Please output the listing exactly as it stands, but omit any images.

Data provided:
============

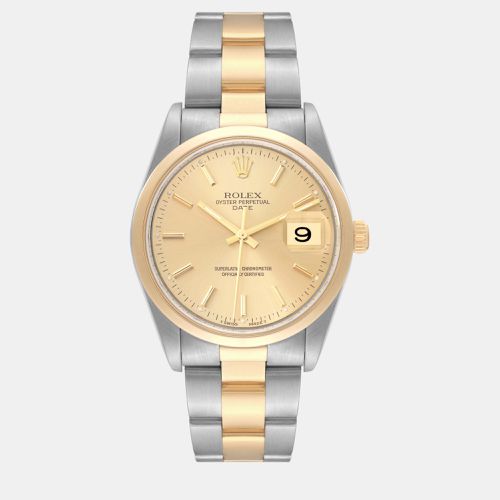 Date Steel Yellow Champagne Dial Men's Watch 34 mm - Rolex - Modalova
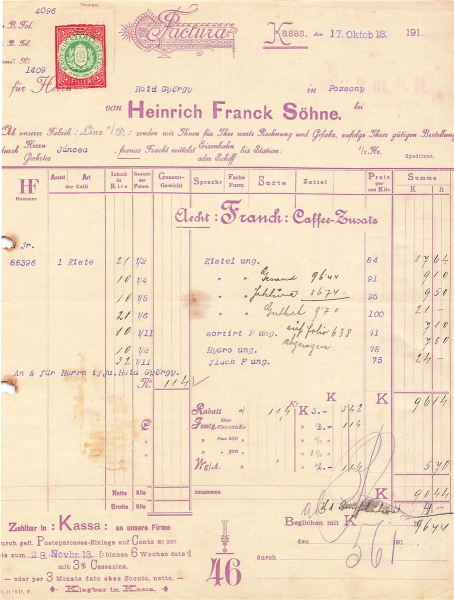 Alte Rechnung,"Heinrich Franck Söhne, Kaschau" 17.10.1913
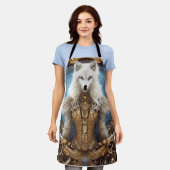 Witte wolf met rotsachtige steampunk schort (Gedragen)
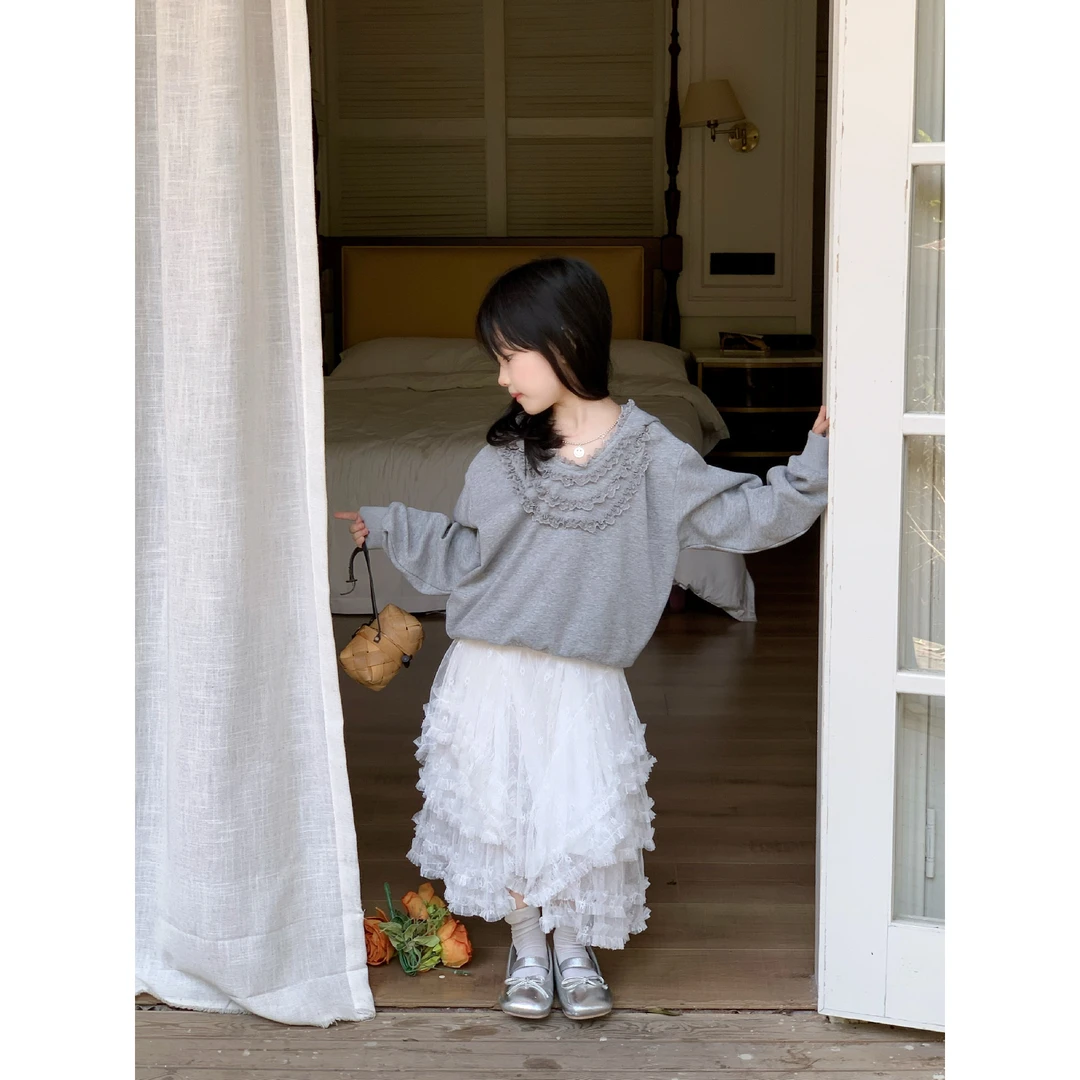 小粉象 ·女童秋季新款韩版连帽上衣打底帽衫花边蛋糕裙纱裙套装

============

Result for this task:
 Date Steel Yellow Champagne Dial Men's Watch 34 mm - Rolex - Modalova
 Alte Rechnung,"Heinrich Franck Söhne, Kaschau" 17.10.1913
 Witte wolf met rotsachtige steampunk schort (Gedragen)
 小粉象 ·女童秋季新款韩版连帽上衣打底帽衫花边蛋糕裙纱裙套装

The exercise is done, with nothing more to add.